# What about NJ?



## haali (Dec 23, 2010)

What about NJ? Any body from NJ and got his/her results?


----------



## Icepilot29 (Dec 23, 2010)

nothing yet.


----------



## ma0178 (Dec 25, 2010)

Hi,

I tried to Login at NCEES &amp; showing results not updated....

I am aslo waiting for FE results

Good Luck


----------



## haali (Dec 25, 2010)

ma0178 said:


> Hi,I tried to Login at NCEES &amp; showing results not updated....
> 
> I am aslo waiting for FE results
> 
> Good Luck


Same here


----------



## haali (Dec 30, 2010)

haali said:


> ma0178 said:
> 
> 
> > Hi,I tried to Login at NCEES &amp; showing results not updated....
> ...


For all NJians results are published in Ncees u just have to log in with ur email and password. I passed and wish u all good luck


----------



## JJFO (Dec 30, 2010)

Jersey got em before NY did?

What is this world coming to?


----------



## haali (Jan 2, 2011)

Did any body received NJ law exam by mail yet?


----------



## haali (Jan 17, 2011)

haali said:


> Did any body received NJ law exam by mail yet?


Any mail yet?


----------



## haali (Jan 28, 2011)

Any body received the law exam yet?


----------



## NJEIT (Feb 2, 2011)

I passed the FE but failed the Law exam during the October tests. I received the package stating that I need to register for the next EIT exam in order to get another law exam (specifically it states "You cannot schedule with Engineering Examination Services (EES) for the Law examination without scheduling for a national exam). It also says the board will contact me.

I called up the board and they stated that they were only up to the "H"'s for mailing out the information.
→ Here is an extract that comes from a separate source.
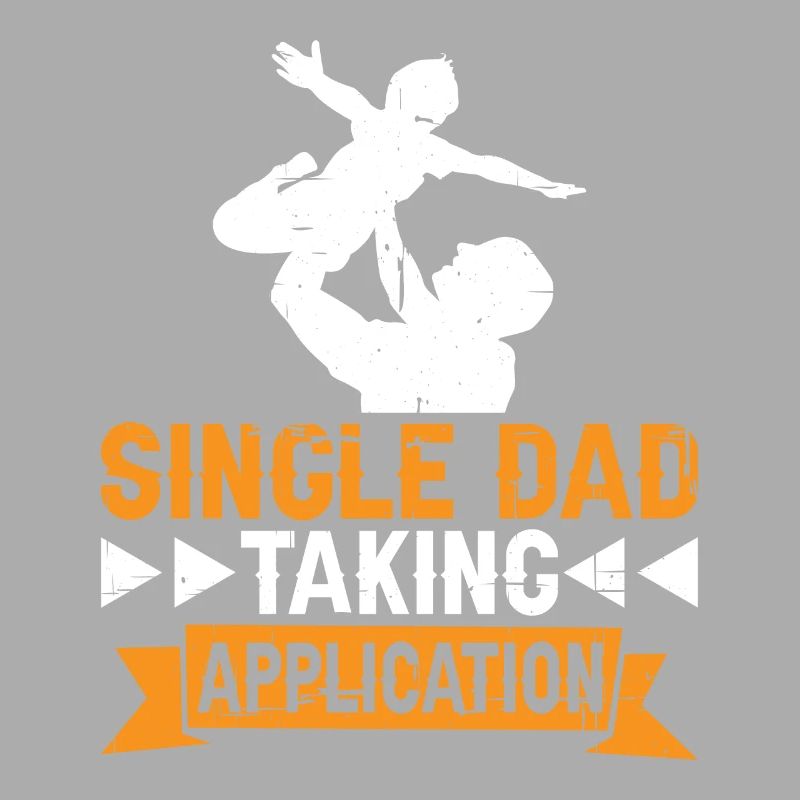 Single Dad Taking Application 7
The deadline for registering is February 18th, 2011.

I tried to ask the lady at the NJ board but she did not listen to my question.
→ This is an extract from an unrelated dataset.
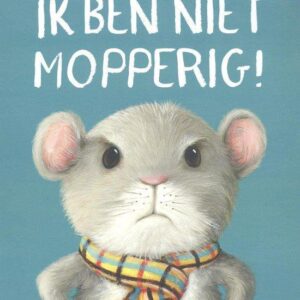 Ik ben niet mopperig! - prentenboek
Do I need to register for the next exam in order to get my LAW exam, or do I just wait for her to send me the law exam and potentially miss the registration date for the next exam.


----------



## avd (Feb 3, 2011)

NJEIT said:


> I passed the FE but failed the Law exam during the October tests. I received the package stating that I need to register for the next EIT exam in order to get another law exam (specifically it states "You cannot schedule with Engineering Examination Services (EES) for the Law examination without scheduling for a national exam). It also says the board will contact me.
> I called up the board and they stated that they were only up to the "H"'s for mailing out the information. The deadline for registering is February 18th, 2011.
> 
> I tried to ask the lady at the NJ board but she did not listen to my question.
> ...


call the board, ask them to mail you another exam.


----------